BERLAKUNYA Undang-Undang Harmonisasi Peraturan Perpajakan (UU HPP) pada gilirannya turut mengubah berbagai ketentuan dalam UU Pertambahan Nilai Barang dan Jasa dan Pajak Penjualan atas Barang Mewah (UU PPN). Adapun salah satu ketentuan yang berubah terkait dengan perlakuan PPN atas jasa pendidikan.
Sebelum terbit dan berlakunya UU HPP, jasa pendidikan masuk kelompok jenis jasa yang tidak dikenai PPN (Pasal 4A ayat (3) huruf g UU PPN). Artinya, dalam ketentuan dahulu, jasa pendidikan bukanlah jasa kena pajak (JKP) atau dikecualikan dari pengenaan PPN.
Setelah UU HPP berlaku, jasa pendidikan dihapus dari Pasal 4A ayat (3) huruf g UU PPN dan dipindahkan ke Pasal 16B ayat (1a) huruf J UU PPN. Dengan demikian, sekarang, barang kebutuhan pokok menjadi JKP tapi dapat diberikan fasilitas tidak dipungut sebagian/seluruhnya atau dibebaskan dari pengenaan pajak, baik untuk sementara waktu maupun selamanya.
Berdasarkan pada Pasal 10 Peraturan Pemerintah (PP) 49/2022, jasa pendidikan dibebaskan dari pengenaan PPN. Adapun jasa pendidikan yang dimaksud, sesuai dengan ketentuan Pasal 16 ayat (1) PP 49/2022, adalah jasa penyelenggaraan pendidikan sekolah (jalur formal) dan pendidikan luar sekolah (jalur nonformal).
Sesuai dengan ketentuan Pasal 16 ayat (4) PP 49/2022, jasa penyelenggaraan pendidikan jalur formal meliputi jasa penyelenggaraan pendidikan anak usia dini; pendidikan dasar; pendidikan menengah; dan pendidikan tinggi. Penyelenggaran dilakukan satuan pendidikan yang memiliki izin pendidikan formal dari pemerintah pusat atau pemerintah daerah sesuai dengan kewenangannya.
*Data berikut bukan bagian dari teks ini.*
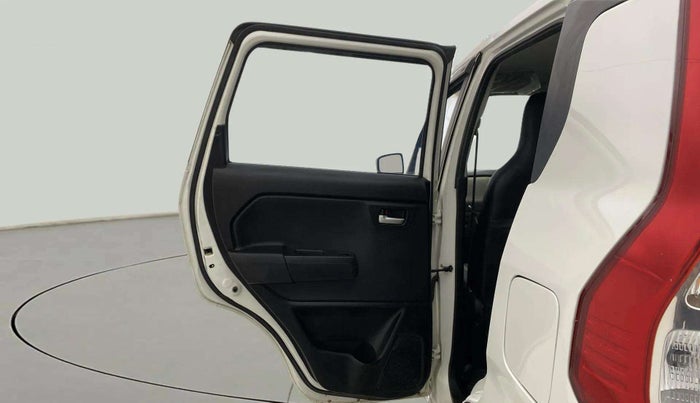 2019 Maruti New Wagon-R VXI 1.2, Petrol, Manual, 39,686 km, LHS Rear Door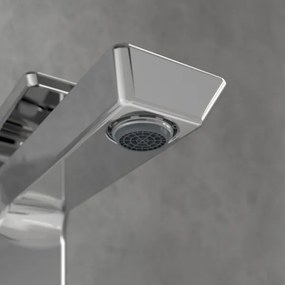 Villeroy & Boch TVW11200300061 - Umývadlová batéria SUBWAY 15,5 cm, lesklý chróm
Jalur nonformal meliputi jasa penyelenggaraan pendidikan kecakapan hidup; pendidikan anak usia dini; pendidikan kepemudaan; pendidikan pemberdayaan perempuan; pendidikan keaksaraan; pendidikan keterampilan dan pelatihan kerja; pendidikan kesetaraan; dan pendidikan lain yang ditujukan untuk mengembangkan kemampuan peserta didik. Penyelenggaran dilakukan satuan pendidikan berizin pendidikan nonformal dari pemerintah daerah sesuai dengan kewenangannya.
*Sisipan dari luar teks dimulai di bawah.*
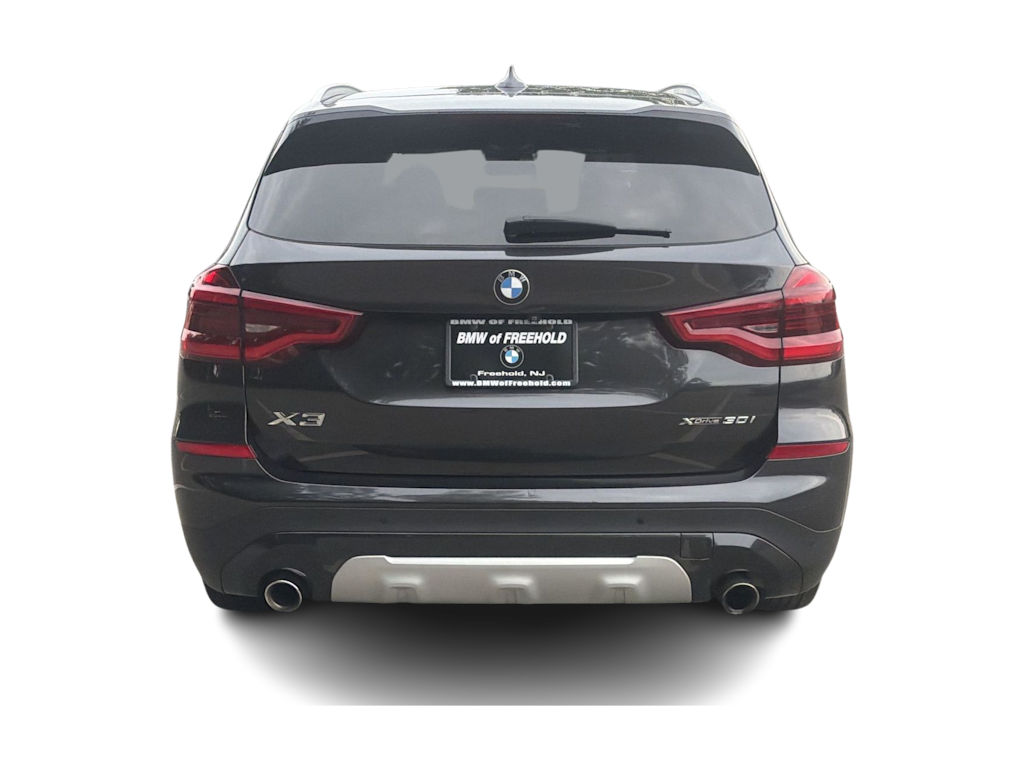 Thumbnail: 2020 BMW X3 - 5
Adapun sesuai dengan Pasal 16 ayat (6) PP 49/2022, jasa pendidikan yang dibebaskan dari pengenaan PPN tidak termasuk jasa pendidikan yang menjadi satu kesatuan yang tidak terpisahkan dengan penyerahan barang dan/atau jasa lainnya.
Mengutip Laporan Belanja Perpajakan (Tax Expenditure Report) 2023, PPN tidak dikenakan/dibebaskan atas jasa pendidikan merupakan merupakan deviasi terhadap tax benchmark PPN, yaitu semua barang dan jasa merupakan objek PPN, kecuali barang/jasa yang telah dikenakan pajak daerah.
Dalam kelompok PPN dan PPnBM, potensi penerimaan pajak yang hilang (revenue forgone) karena fasilitas PPN dibebaskan atas jasa pendidikan menempati posisi keempat terbesar. Posisi pertama terbesar berasal dari batasan pengusaha kecil tidak kena pajak atau threshold pengusaha kena pajak (PKP). Simak pula ‘Batasan Pengusaha Pungut PPN (PKP) Indonesia Tertinggi ke-2 di Asean’.
Adapun nilai potensi penerimaan pajak yang sengaja tidak dipungut oleh negara karena fasilitas PPN dibebaskan atas jasa pendidikan mengalami kenaikan dari tahun ke tahun. Pada 2025, nilainya diproyeksi mencapai Rp26,0 triliun atau 9,8% dari total belanja perpajakan PPN dan PPnBM senilai Rp265,6 triliun. Berikut perinciannya.
Berdasarkan pada data yang diolah DDTC dari berbagai sumber, termasuk Country Tax Guide IBFD, pembebasan PPN atas jasa pendidikan ternyata juga diterapkan di berbagai negara kawasan Asia Tenggara (Asean) yang mempunyai rezim PPN (value-added tax/VAT) ataupun goods and services tax (GST). Namun, ada juga negara yang tidak menerapkan pembebasan PPN terhadap jasa pendidikan.
Misal, di Thailand, jasa pendidikan dianggap sebagai jasa dasar yang dibebaskan dari pengenaan PPN. Di Filipina, pembebasan PPN diberikan atas jasa pendidikan oleh lembaga pendidikan swasta yang diakreditasi serta oleh lembaga pendidikan pemerintah. Di Laos, ada pembebasan pajak untuk penyerahan fasilitas untuk jasa pendidikan dan olahraga. Berikut perinciannya.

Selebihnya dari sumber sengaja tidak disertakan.